The range of steady-state factor IX activity level, beginning at 12 weeks through 52 weeks of follow-up for the first 10 patients infused, was 14.3% to 76.8%.

The next 3 patients were infused with SPK-9001 manufactured using an enhanced process and reached 12 or more weeks of follow-up. For these patients, the range of steady-state factor IX activity level was 38.1% to 54.5%.

The 2 remaining patients had only 5 weeks and 11 weeks of follow-up as of the cut-off date.

Based on individual participant history for the year prior to the study, the overall ABR for all 15 patients was reduced by 98% four weeks after SPK-9001 treatment.

The ABR was 0.2 bleeds per patient after SPK-9001, compared to an ABR of 8.9 before SPK-9001.

One patient experienced a bleeding event 4 or more weeks after SPK-9001 infusion.

The overall AIR was reduced by 99% (based on data after week 4) for all 15 patients. The AIR was 0.9 infusions per patient after SPK-9001, compared to 57.2 infusions before SPK-9001.

Six patients received factor IX infusions following SPK-9001 administration—2 for reported spontaneous bleeds, 2 prior to surgery, 1 at the end of the study (discretionary, per protocol), and 1 for prophylaxis for a minor, traumatic non-bleeding event.

However, all 15 patients have discontinued regular factor IX prophylaxis.

There have been no serious AEs or factor IX inhibitors reported.

Two patients (1 who received SPK-9001 manufactured using the enhanced process) experienced related AEs of elevated transaminases, which were asymptomatic.

These patients were treated with a tapering course of oral corticosteroids, and 1 event resolved before the data cutoff.

An additional patient received a tapering course of oral corticosteroids for an increase in liver enzymes (not exceeding the upper limit of normal) temporally associated with falling levels of factor IX activity.

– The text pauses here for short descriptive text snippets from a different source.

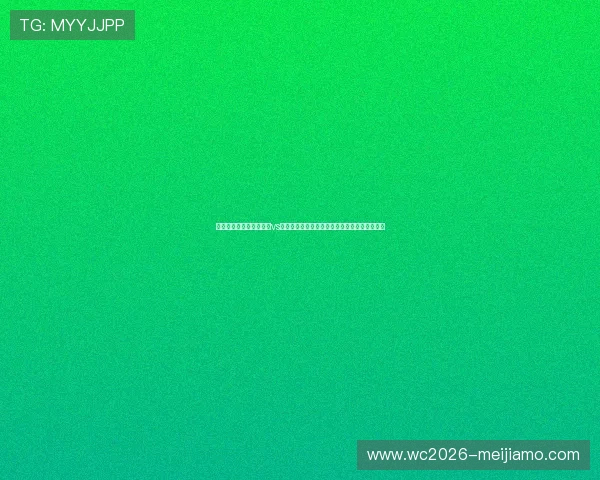 如何打造吸引眼球的约旦vs阿尔及利亚世界杯海报提升赛事关注度与影响力 如何打造吸引眼球的约旦vs阿尔及利亚世界杯海报提升赛事关注度与影响力
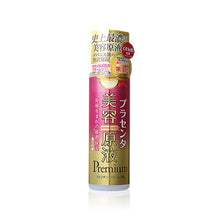 將圖片載入圖庫檢視器 Cosmetex Roland 美容原液Premium胎盤素超潤化妝水 185ml
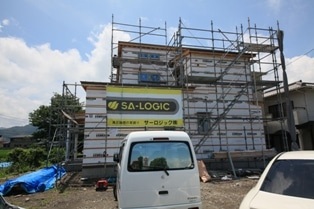 徳島県で家を建てるならサーロジック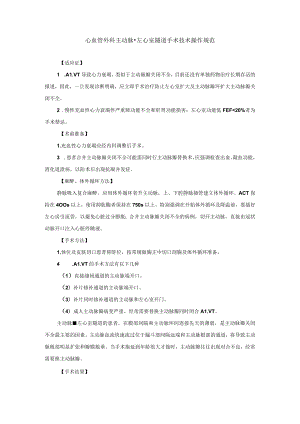 心血管外科主动脉-左心室隧道手术技术操作规范.docx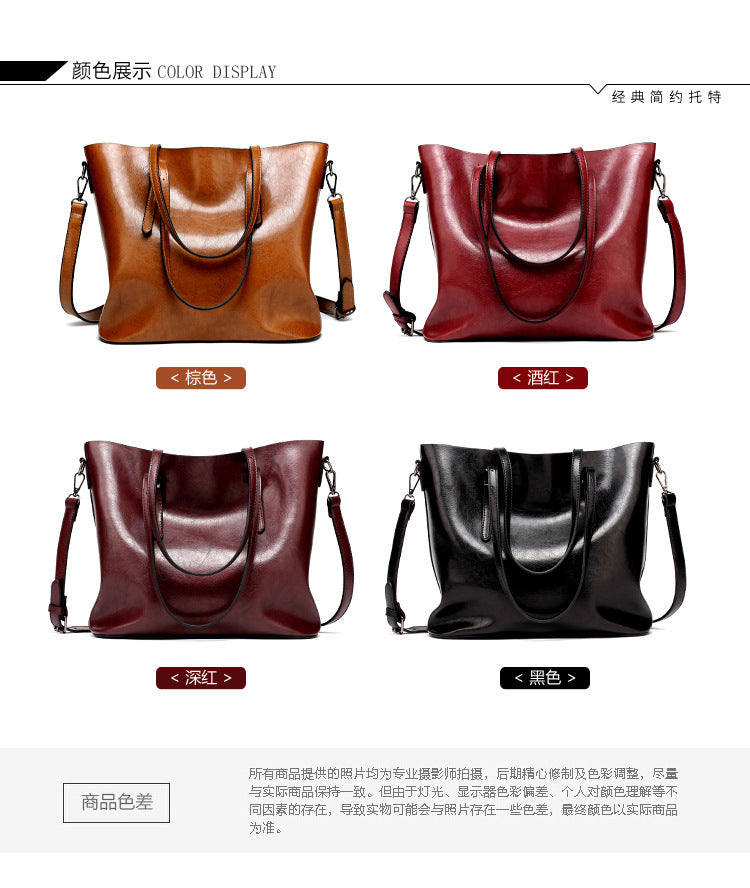 Oil-Wax Artificial Leather Tote – Large-Capacity, Vintage Finish & Elegant Shoulder Bag-HighTouch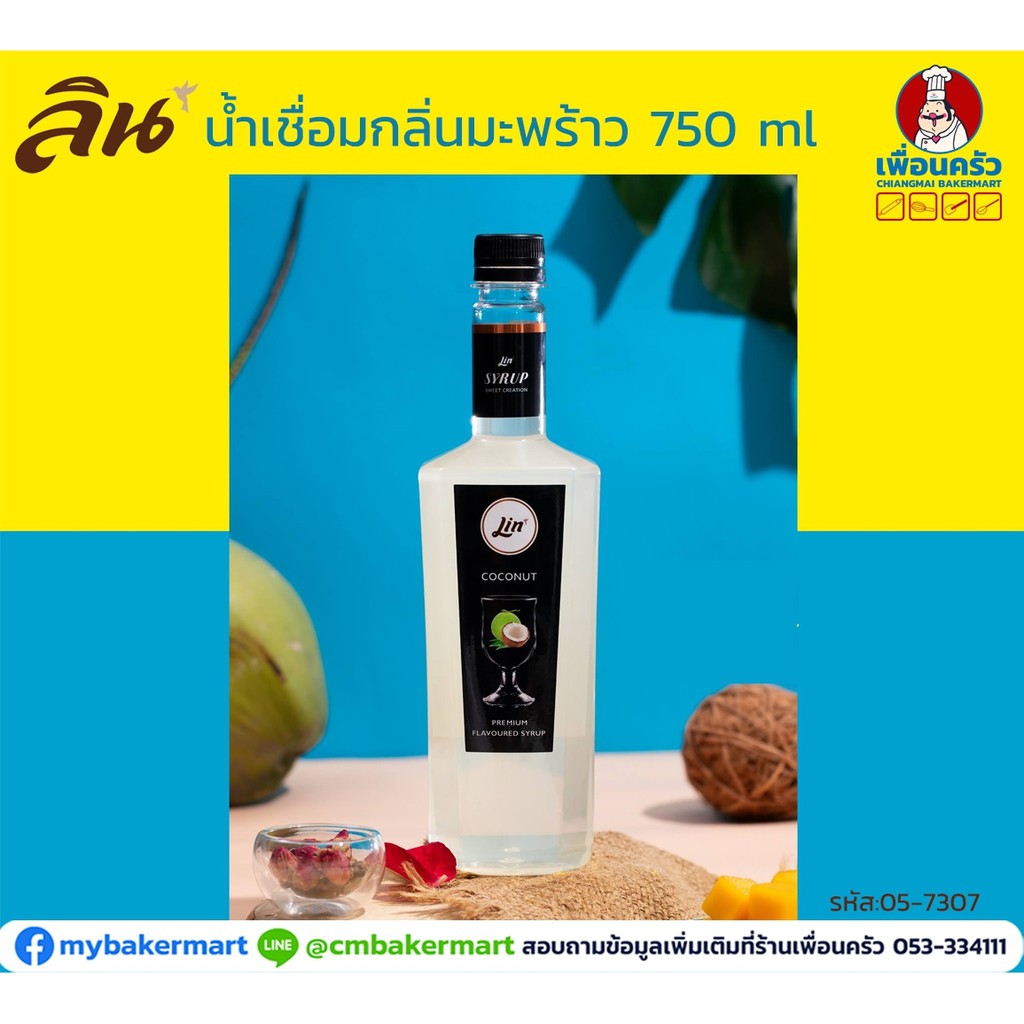 ลิน ไซรัป น้ำเชื่อมกลิ่นมะพร้าว 750 ml. Lin Coconut Flavored Syrup 750 ml. (05-7307)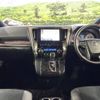 toyota alphard 2021 -TOYOTA--Alphard 3BA-AGH30W--AGH30-9042504---TOYOTA--Alphard 3BA-AGH30W--AGH30-9042504- image 2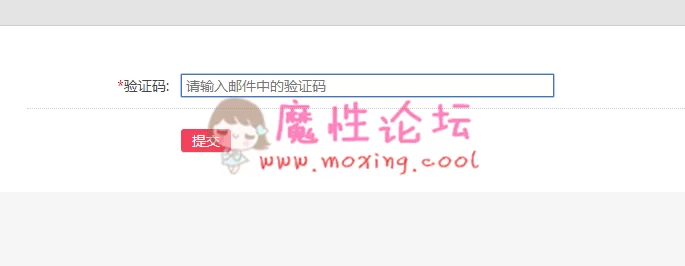 QQ截图20190906113823.png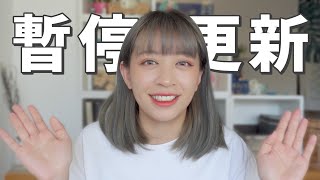 謝謝你們愛著我 - EP.56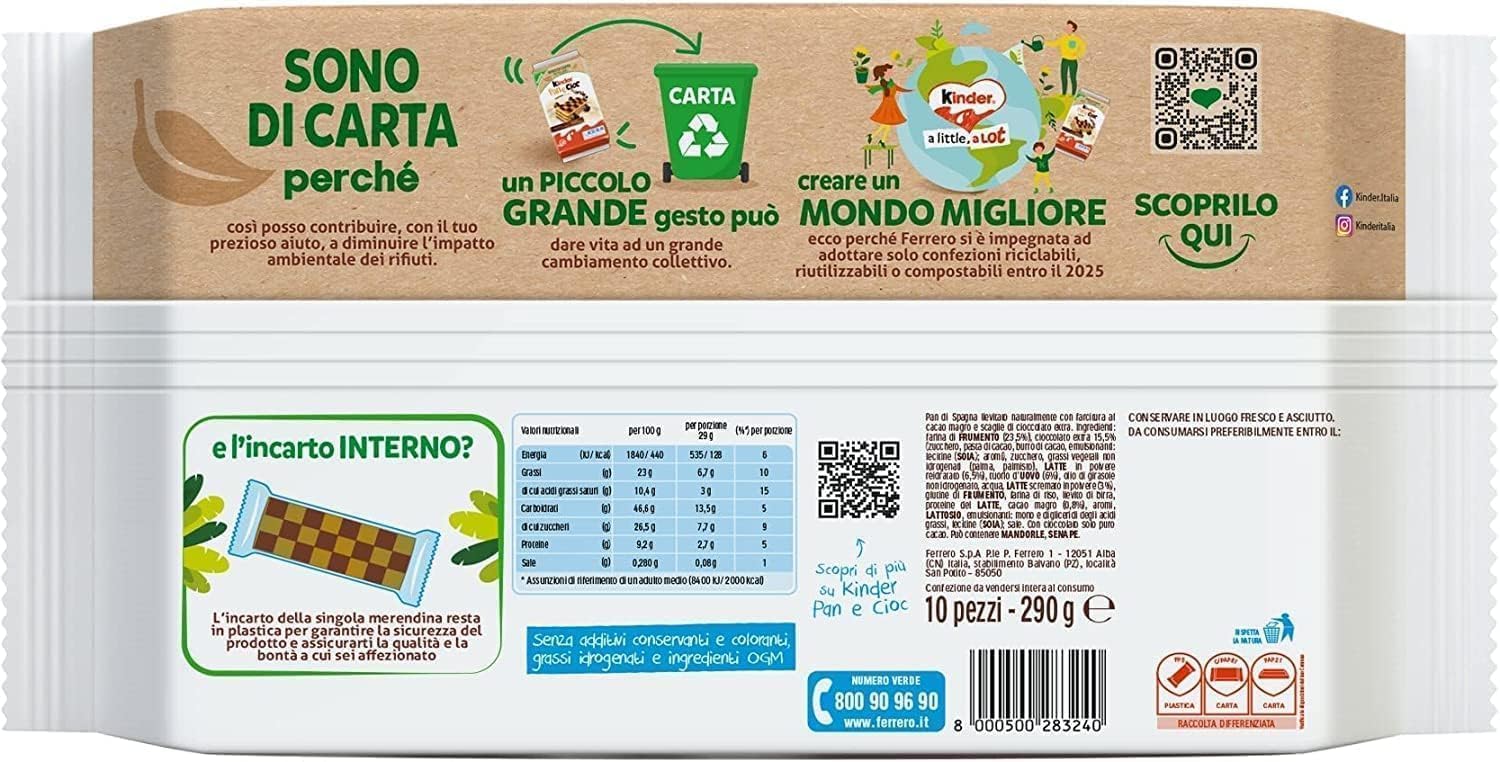 Italian Gourmet Assortiment Kinder Brioss & Pan e Cioc – gâteaux goûter & petit-déjeuner, snacks, lait & cacao, 6 x 270 g (2x Pan e Cioc, 2x Brioss Lait & Cacao, 2x Brioss) + Italian Gourmet Polpa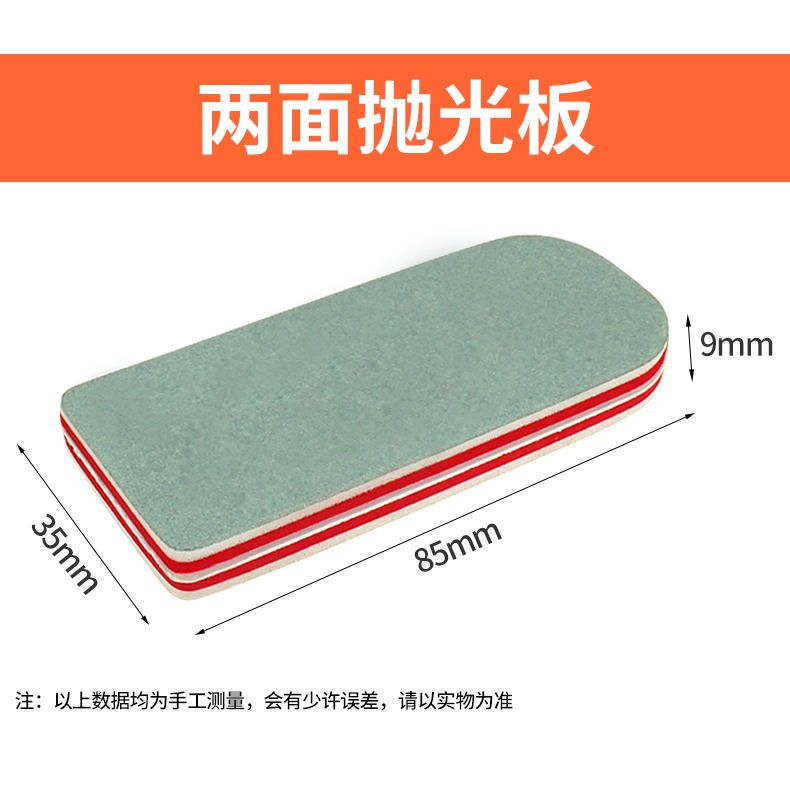 雙/四面打磨刷海綿拋光板核桃琥珀蜜蠟星月菩提金剛玉器文玩工具-細節圖9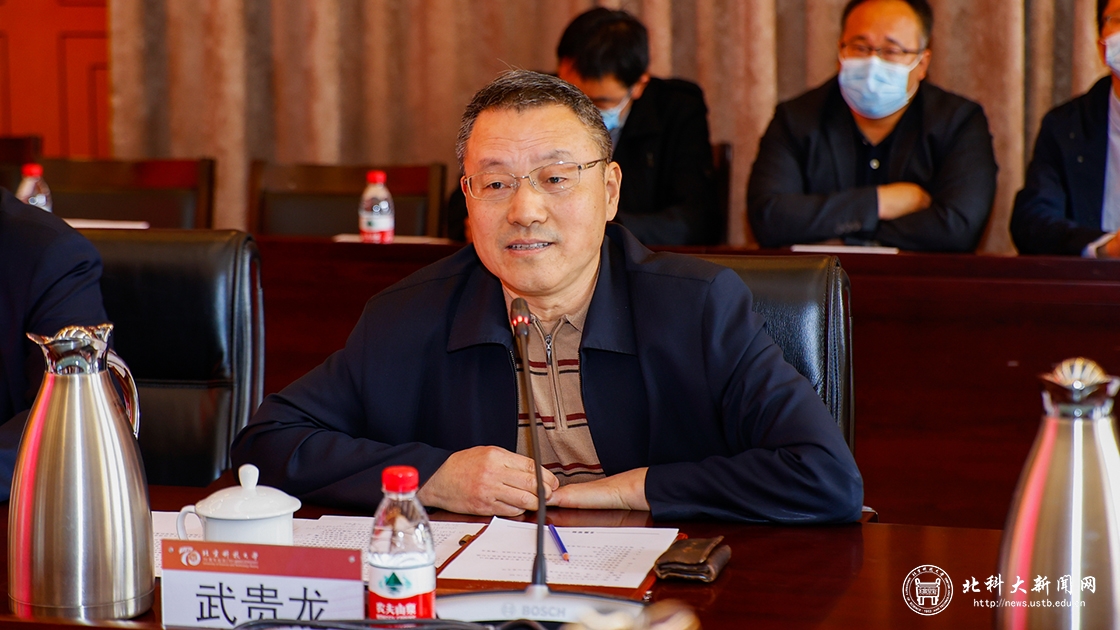 学校举行“蔡美峰张贵银矿业教育基金”捐赠仪式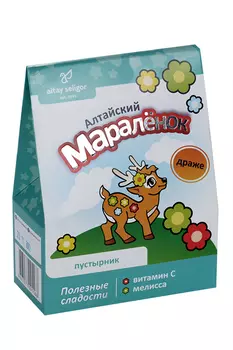 Алтайский мараленок Витамин С и пустырником, 70 г, драже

“We are pleased to see all 15 participants, notably including the first 4 participants who have been followed for more than 2 years, continue to show that a single administration of SPK-9001 has resulted in dramatic reductions in bleeding and factor IX infusions, with no serious adverse events,” said Katherine A. High, MD, president and head of research & development at Spark Therapeutics.

“Our commitment to gene therapy research across our hemophilia programs remains steadfast with the goal of developing a novel therapeutic approach with a positive benefit-risk profile that aims to free patients of the need for regular infusions, while eliminating spontaneous bleeding.”